Lex Plt

Posted on Apr 14, 2021 • Edited on Sep 4, 2024

Parallelizing a bytecode interpreter

#bytecode #vm #parallel

Disclaimer: this article is intended to be part of a Request For Comments on a language I am working on.

Note: I will be using bytecode interpreter and virtual machine (sometimes written VM) interchangeably throughout this article.

Introduction

There are a lot of languages out there, and new ones are born everyday. We can often divide them into 4 categories:

interpreted from a tree (often the Abstract Syntax Tree itself)
transpiled to another language (eg Lex is transpiled to C)
compiled to binary to be executed directly by a CPU
compiled to a homebrew bytecode to be executed by a virtual machine

The first one will lack performances, the 3rd one will have no problem on that side (given a good Intermediate Representation optimizer), the 2nd one is limited by the performances of the target language, and the 4th one is limited by its virtual machine.

Why targeting a VM?

It has many advantages, such as:

compile once (to bytecode), run everywhere (as long as you made your VM available on the targeted platforms)
a bytecode is linear, thus a lot faster to interpret compared to a tree, as you have only one direction: going forward

To add some personnal bonus points, I am often working with huge codebases in C++, thus a tiny modification often requires to rebuild nearly everything, not great when you want to make small adjustments to your NPCs movements or your animation controller. By embedding a VM to run an homebrew bytecode, I just have to write some bytecode to move my NPCs or play animations, bind the corresponding C++ functions to the VM, and voilà. Now you can modify the bytecode (often stored as a file) and avoid recompiling everything.

Baseline of a bytecode interpreter

A bytecode interpreter (or virtual machine) can be stack based, register based, or both, each having their own pros and cons. I'm not going to discuss over which one is better, that would take a whole article.

The main difference is that in a stack based VM, when doing something like 1 + 2, you push 1 and 2 onto the stack, then pop them and apply ADD on them, pushing back the result onto the stack.

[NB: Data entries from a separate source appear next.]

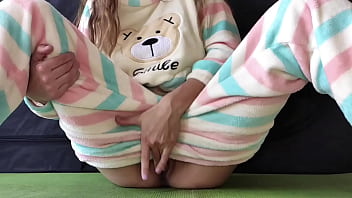 Preview 1 of Secret Room Service Sex - teen in pajama small tits hard masturbate pussy and squirting orgasm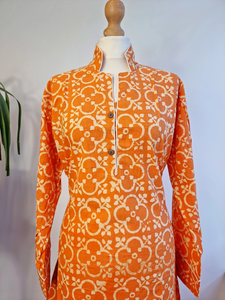 Luxe indien main bloc Orange poinçon géométrique coton tricoté femmes vêtements de nuit doux Style décontracté pour l'été et le printemps - Product Image 6
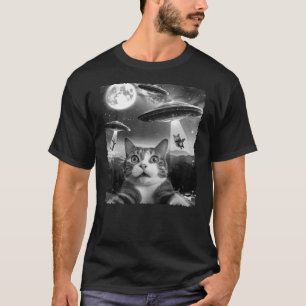 Funny Scared Cat Selfie with Alien UFOs Gift Men W T-Shirt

A register based VM would store 1 in a register r1, then 2 in r2 and run ADD r1, r2, r3 (result in r3).

Nota bene: this describes possible implementations, some may work in different ways, but those are the main ideas

Example of a stack based VM

Source: craftinginterpreters.com

In the rest of this article, we will only be considering stack based bytecode interpreters.

Synchronization problems

A bytecode interpreter is intrinsically sequential, because of its stack:

first we push values to it
we pop some (or all) of them
we do operations on them and push back the result on the stack

We can not parallelize the value pushing / popping, given a single stack, because the order of the values on the stack is pretty important. For example, we wouldn't want to push 3, 5 instead of 5, 3 when applying the DIV instruction, because 3 / 5 isn't the same as 5 / 3.

Also, what if two threads were trying to pop the value on top of the stack, at the same time? Which one gets what? That's a concurrency problem, and to solve it we need to introduce a few constraints:

each thread will have its own stack
each thread will need to keep track of its own instruction pointer (pointing the current executed instruction in a bytecode)
each thread will have its own environment (local variables)

Given those constraints, we can ensure thread safety (no concurrent access to the same variable), to the cost of being unable to access a top level defined variable. This means that this code won't work:

let width = 120;

parallel function foo(a, b, c) {
    // heavy computations using a, b, c
    // ...
    return a + b / width + c % width;
}

foo(12, 13, 14);

Given a fourth constraint, we can make it possible:

reading variables from parent scopes (outside the thread's scope) is allowed, but the parent thread must be interrupted to avoid modifications of those variables ; also (re)writing a variable stored in the parent is forbidden

This is quite restrictive, because it means that we will only be able to run other threads by stopping the main thread execution, thus limiting what we can do. Imagine that you have a game, and your rendering process would be in a thread. With this current design, it would be the same as having the game logic and the rendering in the same thread, since running the rendering function(s) in a thread would interrupt the main thread (assuming it's the game logic):

Parallelism, not concurrency

As stated before, concurrency problems can arise from having a single stack and multiple threads. One could say that a solution would be to:

interrupt a thread,
save the stack state,
launch another thread.

After a few instructions executed by the new thread:

we save the stack state again,
interrupt the thread,
restore the old stack
and resume the old thread execution.

This is what is being done in Python (I am talking about the multithreading side of Python, not the multiprocessing one) and NodeJS (until recent updates at least), giving this type of execution:

It isn't what we could call "real" parallelism, since it isn't benefiting from the processing power of more than a single core. Notice that I left some space between tasks, because the bytecode interpreter needs time to do its context switching (dumping the stack state and loading another one), which makes the whole code run slower instead of faster, since we now have

total_time =
    execution_time(task 0)
  + execution_time(task 1)
  + execution_time(task 2)
  + a * (average(switching_time))

a being the number of times we need to context-switch.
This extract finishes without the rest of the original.